I was umming and ahhing for days about whether to write this post, but I have always been a firm believer that getting your thoughts straight will help you in the long run, and make you realise how far you have come. And if anyone has ever been through something similar, then I want them to know you are doing incredibly well, even if you don’t see it.
Yesterday marked the year anniversary that we sadly lost one of my best friends. It was the hardest day I have ever had to face, made even harder by the fact it was totally unexpected. This time last year felt not only as though a huge part of me was missing, but also that the wound of losing someone so close to you, would never heal.
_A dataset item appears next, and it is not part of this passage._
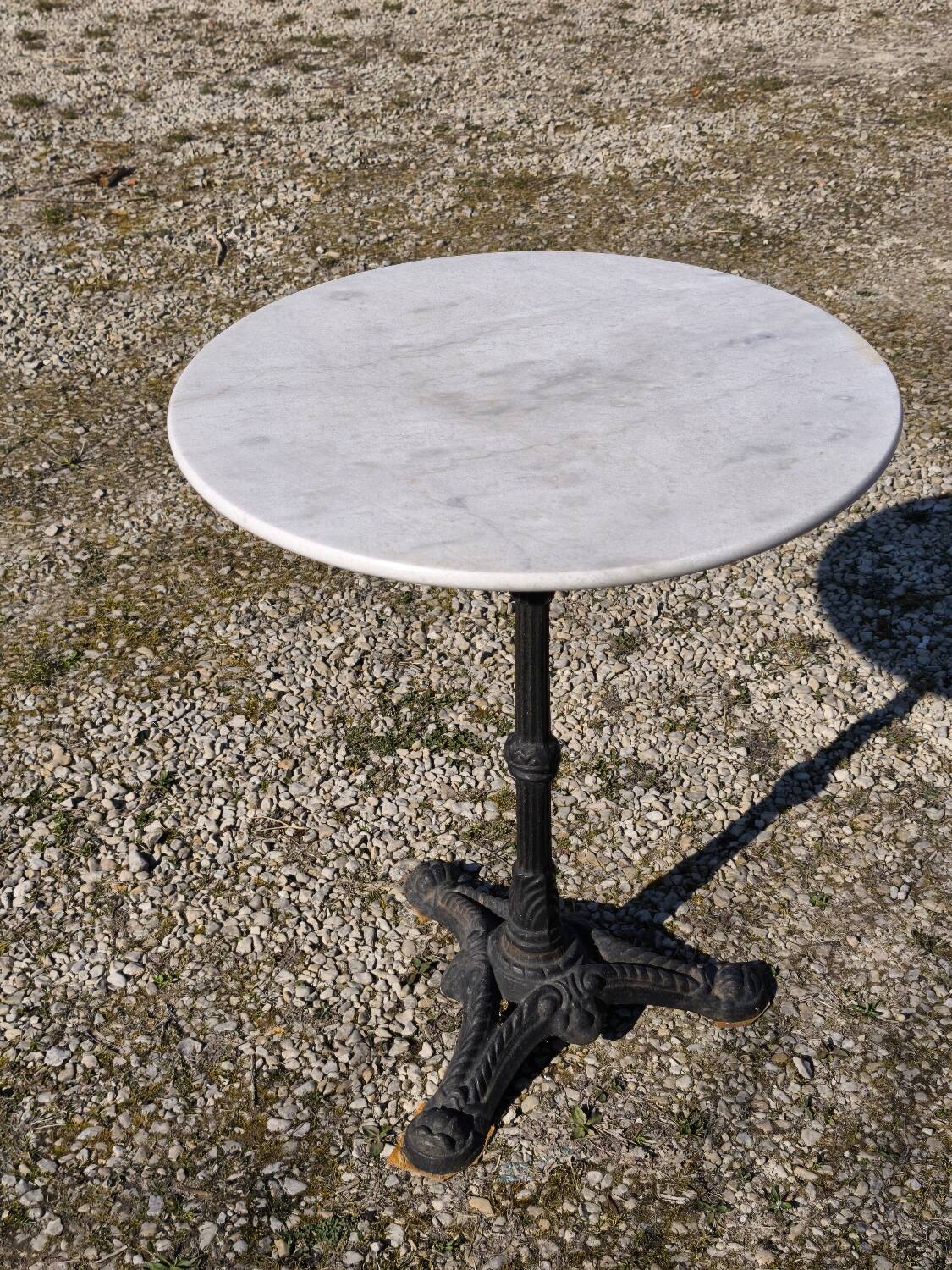 Table bistro marbre et fer forgé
To me, the wound is still very much there: In time, I have managed to stitch parts of it back together, helped massively by the support net I have around me; but from time to time the stitches break open, and I am left to relive the whole situation again.
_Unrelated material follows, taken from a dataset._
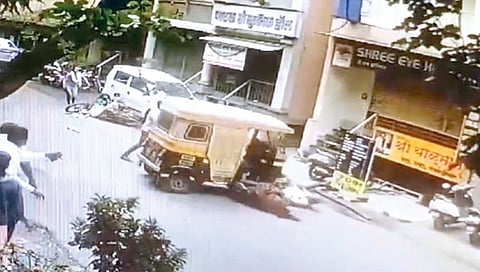 अचानक यू टर्न घेतलेल्या रिक्षाचा विनाचालक थरार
It was and still is totally surreal that she isn’t here: We were talking 10 minutes before, had seen each other two days before and were discussing plans for the summer. And within 24 hours, our lives had changed forever.
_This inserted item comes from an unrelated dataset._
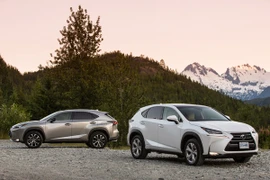 Lexus ra mắt thế hệ NX 2014 sang trọng tại Canada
Because I never thought something like this would ever happen, I had no idea how to react. In many ways, I am still in denial that that fateful night ever happened and in my head I sometimes think I made the whole thing up; that everything will be perfect again when I wake up or that it was all a mistake.
I always said from the start that I hoped I would feel happy again, but it will always be a different kind of happy: A kind of happiness that is laced with feelings that one of the people you thought you would share your wedding day with, introduce to your children and have by your side throughout anything, will not be around.
In the last year so much has changed. I have made incredible friends, memories I will cherish forever, and come much further than I ever thought possible; but with this happiness comes overwhelming guilt. A remorse that one particular person won’t be here to celebrate life’s crazy rollercoaster of emotions with me. Someone that you thought was in it for the long run with you.
Something that has come out of this whole situation is my changed outlook on life. Although my anxiety and depression have been at a lifelong high, I have managed to reduce my fears in other areas, and live a whole lot kinder and compassionately. I still have a long way to go but my path is going in the right direction.
Unfortunately, we never know when our time will be up: Tell the people you love how much they mean to you; don’t argue with your boyfriend over something that means nothing in the long run; leave a job if it is making you unhappy – life is too short not to grab each day as it comes and learn to appreciate all of the little things that you might ordinarily take for granted.
My best friend lived just like this. Nothing phased her – she was fearless, a breath of fresh air, always putting others before herself and never letting life get on top of her.
She is one of a kind.
A true shining star.
No life on earth would have been perfect enough.